Susanne Nielen Gangwisch

Version originale en allemand


Première édition: December 2020

Depuis le 1er janvier 1993, les droits des personnes victimes d’infractions sont réglés dans la loi sur les victimes d’infractions (LAVI). Toute personne qui, du fait d’une infraction, a subi une atteinte directe à son intégrité physique, psychique ou sexuelle, a droit au soutien prévu par cette loi. Par atteinte directe, on veut dire que les préjudices subis par la personne sont en lien direct avec l’infraction. Les personnes indirectement touchées, par example les témoins d’une infraction, ne sont pas concernées par la LAVI. Les proches des victimes en revanche ont droit à l’aide aux victimes. Il n’existe pas de restriction d’âge et le statut de séjour de la personne concernée ne joue pas de rôle pour autant que l’infraction ait été commise en Suisse. Si l’infraction a été commise à l’étranger, la victime a droit à une aide si elle était domiciliée en Suisse au moment des faits et du dépôt de sa demande.
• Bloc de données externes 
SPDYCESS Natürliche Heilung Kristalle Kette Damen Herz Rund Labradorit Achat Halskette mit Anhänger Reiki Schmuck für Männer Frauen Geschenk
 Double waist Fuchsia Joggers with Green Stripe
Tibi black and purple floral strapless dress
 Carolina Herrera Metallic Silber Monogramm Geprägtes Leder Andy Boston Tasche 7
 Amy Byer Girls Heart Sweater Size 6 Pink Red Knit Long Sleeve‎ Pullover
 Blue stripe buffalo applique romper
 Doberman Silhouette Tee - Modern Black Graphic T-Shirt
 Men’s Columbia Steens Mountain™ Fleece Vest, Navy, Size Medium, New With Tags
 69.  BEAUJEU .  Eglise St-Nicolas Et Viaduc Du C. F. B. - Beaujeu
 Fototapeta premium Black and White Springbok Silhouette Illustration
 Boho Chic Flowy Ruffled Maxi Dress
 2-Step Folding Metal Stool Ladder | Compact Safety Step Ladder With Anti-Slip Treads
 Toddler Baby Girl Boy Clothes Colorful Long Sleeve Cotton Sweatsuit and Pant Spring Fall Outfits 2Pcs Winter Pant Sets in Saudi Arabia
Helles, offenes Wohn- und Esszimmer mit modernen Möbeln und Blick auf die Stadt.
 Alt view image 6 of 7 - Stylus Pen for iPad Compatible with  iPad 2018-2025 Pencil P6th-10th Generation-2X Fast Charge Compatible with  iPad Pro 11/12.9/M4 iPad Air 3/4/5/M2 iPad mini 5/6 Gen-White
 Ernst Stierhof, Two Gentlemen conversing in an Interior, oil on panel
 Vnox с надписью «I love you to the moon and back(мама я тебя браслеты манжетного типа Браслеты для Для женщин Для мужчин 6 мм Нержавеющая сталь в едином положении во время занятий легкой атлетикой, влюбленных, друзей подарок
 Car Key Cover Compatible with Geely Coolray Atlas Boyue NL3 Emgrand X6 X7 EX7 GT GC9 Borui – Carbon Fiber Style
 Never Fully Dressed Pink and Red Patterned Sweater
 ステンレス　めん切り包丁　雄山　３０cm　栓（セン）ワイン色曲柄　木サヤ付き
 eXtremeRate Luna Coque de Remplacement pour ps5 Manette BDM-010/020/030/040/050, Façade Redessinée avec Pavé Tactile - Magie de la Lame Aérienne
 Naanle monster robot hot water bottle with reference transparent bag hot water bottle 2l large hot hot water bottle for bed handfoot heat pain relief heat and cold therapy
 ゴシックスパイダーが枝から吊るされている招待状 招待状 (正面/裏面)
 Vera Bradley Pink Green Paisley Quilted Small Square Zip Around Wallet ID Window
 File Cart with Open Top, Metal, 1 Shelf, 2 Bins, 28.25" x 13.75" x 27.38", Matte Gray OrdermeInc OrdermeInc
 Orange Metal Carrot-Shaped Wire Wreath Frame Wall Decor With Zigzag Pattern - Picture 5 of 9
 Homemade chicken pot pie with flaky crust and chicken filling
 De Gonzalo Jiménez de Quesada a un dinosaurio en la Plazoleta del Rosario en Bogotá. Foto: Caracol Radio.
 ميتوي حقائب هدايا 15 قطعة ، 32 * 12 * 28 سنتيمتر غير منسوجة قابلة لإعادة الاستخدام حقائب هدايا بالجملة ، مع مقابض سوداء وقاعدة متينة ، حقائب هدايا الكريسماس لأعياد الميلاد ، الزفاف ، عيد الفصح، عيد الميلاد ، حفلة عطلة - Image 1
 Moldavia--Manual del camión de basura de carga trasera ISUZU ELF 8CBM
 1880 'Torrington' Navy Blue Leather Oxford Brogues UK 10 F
La loi sur l’aide aux victimes a été acceptée à une majorité de plus de 80 % en 1984, suite à une initiative lancée par le magazine Be­obachter. De nombreux cantons ont délégué l’organisation de centres de consultation LAVI à des fondations et associations privées, d’autres assument eux-mêmes cette tâche. Même si de tels centres de consultation relèvent des administrations cantonales, la loi dispose qu’ils doivent fonctionner de manière autonome sur le plan professionnel. Afin de promouvoir l’application efficace et uniforme de la LAVI et d’encourager la collaboration entre les cantons, la Conférences des directrices et directeurs cantonaux des affaires sociales (CDAS) a institué la Conférence l’aide aux victimes (CSOL-LAVI). La CSOL-LAVI publie notamment des recommandations sur l’application de la LAVI. Les cantons n’ont malheureusement pas pu s’accorder sur une forme plus contraignante de norme. Il serait souhaitable qu’ils appliquent lesdites recommandations de manière contraignante. C’est le seul moyen d’empêcher des inégalités de traitement des victimes d’infractions entre cantons.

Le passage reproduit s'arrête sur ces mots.